Responsibilities to Assess Whether QA/QI Projects Require IRB Review
Ultimately, it is the responsibility of the investigator to submit for IRB review if a project meets the definition of human subjects research. To assist investigators, a checklist with the above criteria is available on the IRB website. This checklist is also embedded into the electronic QI Hub application through the BU Barry M. Manuel Office of Continuing Medical Education for tracking patient safety QI/QA projects throughout Boston Medical Center and Boston University. The mission of QI Hub is to create and support a culture of healthcare quality improvement (QI) engagement for BMC, the Boston HealthNet Community Health Centers, and Boston University through accredited education, mentorship and administrative oversight.

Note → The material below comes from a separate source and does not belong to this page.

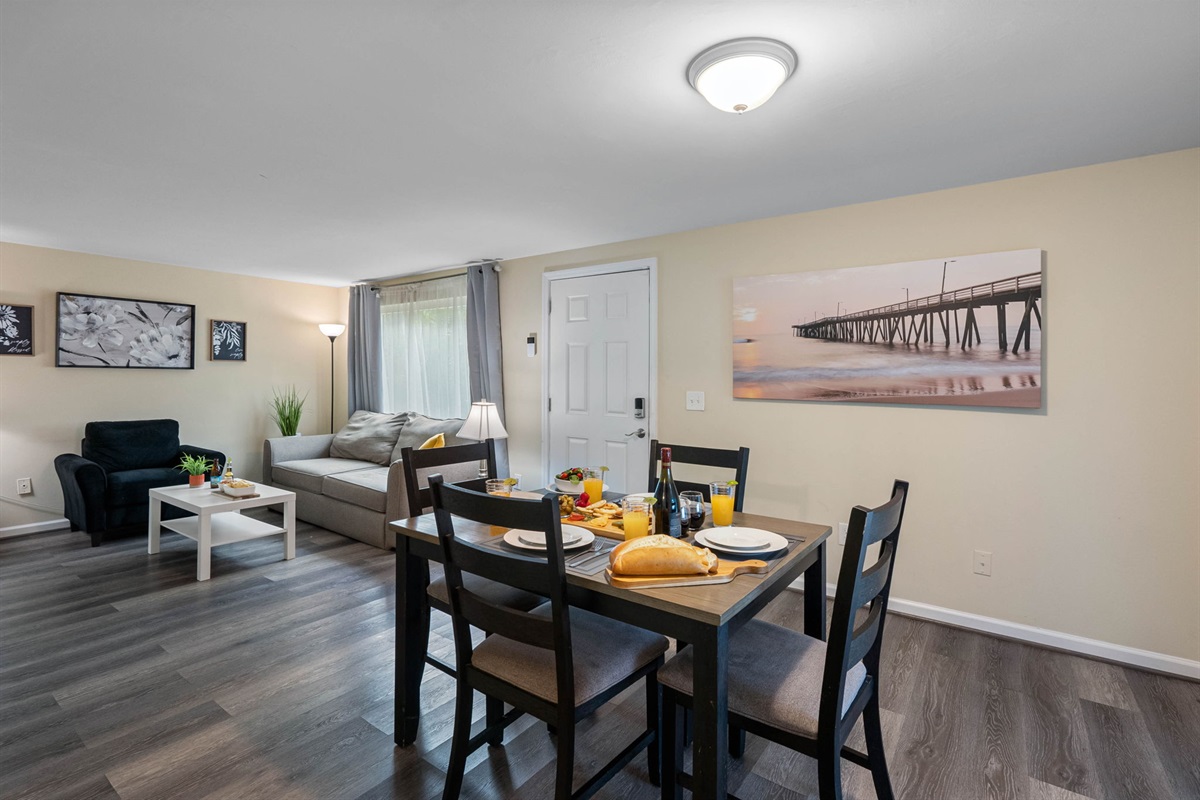 Featuring a solid wood dining table with a natural finish and four cushioned chairs in a sleek dark frame.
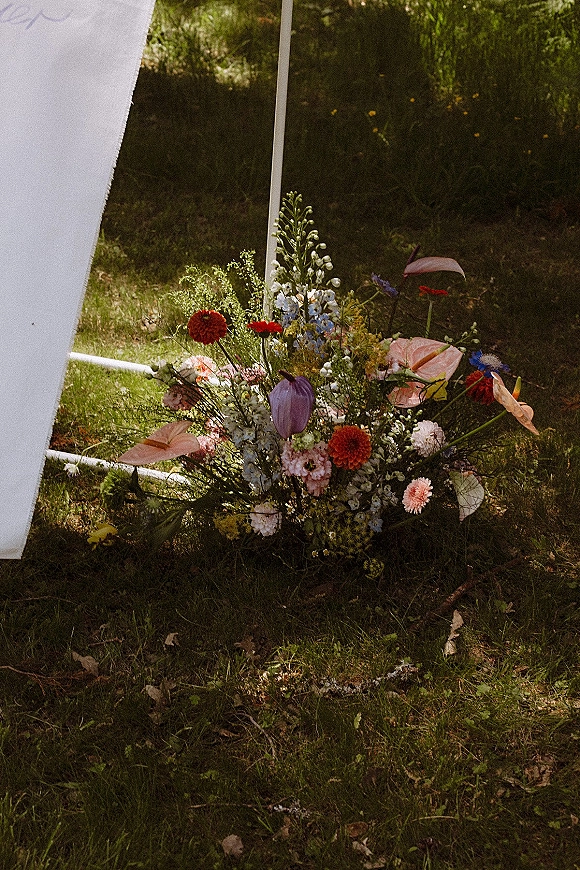 Wedding ceremony florals in a ground floral arrangement with anthurium, tulips, wildflowers, and draped fabric on a sunlit lawn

Protected Health Information
All Protected Health Information (PHI) involved in the QI/QA project must be transmitted, stored, analyzed, or otherwise exist only on HIPAA-compliant electronic systems that meet the security standards for protection of PHI established by Boston Medical Center or the Boston University Dental Clinic.
Examples
The following table gives examples of QI/QA projects in different categories, including changes that would make the project not qualify as QI/QA:
Basic QI/QA Project |
QI/QA that is not research |
QI/QA that is research |
Research that is not QI/QA |
Add a medical record alert for patients ≥60 not vaccinated for pneumococcus |
Track provider utilization of alerts and vaccination rates |
Randomize alert to go to provider or medical assistant |
Limit the alert to patients ≥70 to see if more efficient use of resources |
Deliver a training program to radiologists on minimizing radiation dose |
Assess radiologist satisfaction with training and comprehension |
Compare radiation doses for patients of radiologists who got trained in-person vs. electronically |
Develop a novel “gamified” training program |
Implement a more user-friendly standard checklist for fall-risk screening |
Track checklist usage and assessment outcomes |
Randomize floors to repeat assessment every 24 vs. every 48 hours |
Implement fall-risk screening checklist in Emergency Department |
New Exempt Category for QI/QA Activities that Do Require IRB Review
Even if a QI/QA project qualifies as human subjects research, if it does not have external funding, then it can qualify for an exempt determination. Review of exempt research is somewhat less burdensome on the investigator because the application is shorter.
A QI/QA research project qualifies for the exempt category if:
- All patients who get an intervention are expected to benefit.
- All measurements that are collected are to determine the effect of the process change.
- All patients involved in the intervention receive standard care at a minimum.
- The intervention meets evidence-based or consensus-based quality standards.
- Confidentiality protections are appropriate to the sensitivity of the data collected.
- Obtaining consent from the patients is not practicable because the change or intervention will be carried out in a clinical setting where there is no meaningful way for patients to opt out of receiving the intervention.
Consent from the patients who experience the intervention is not required. However, if any subjects, including healthcare professionals, participate in surveys, interviews, focus groups, or training, they must provide abbreviated consent (a shorter consent process that does not require a signature unless PHI is collected; see the “Exempt Information Sheet Template” on the IRB website).
This exempt category is listed as Exempt category (11) in the Exemption Categories section of the INSPIR application.
Summary
The IRB has specific questions and a BMC QI Checklist to determine when a Quality Improvement/Quality Assurance (QI/QA) project requires submission to the IRB; and an exempt category for some QI/QA projects that do require submission because they also meet the definition of research.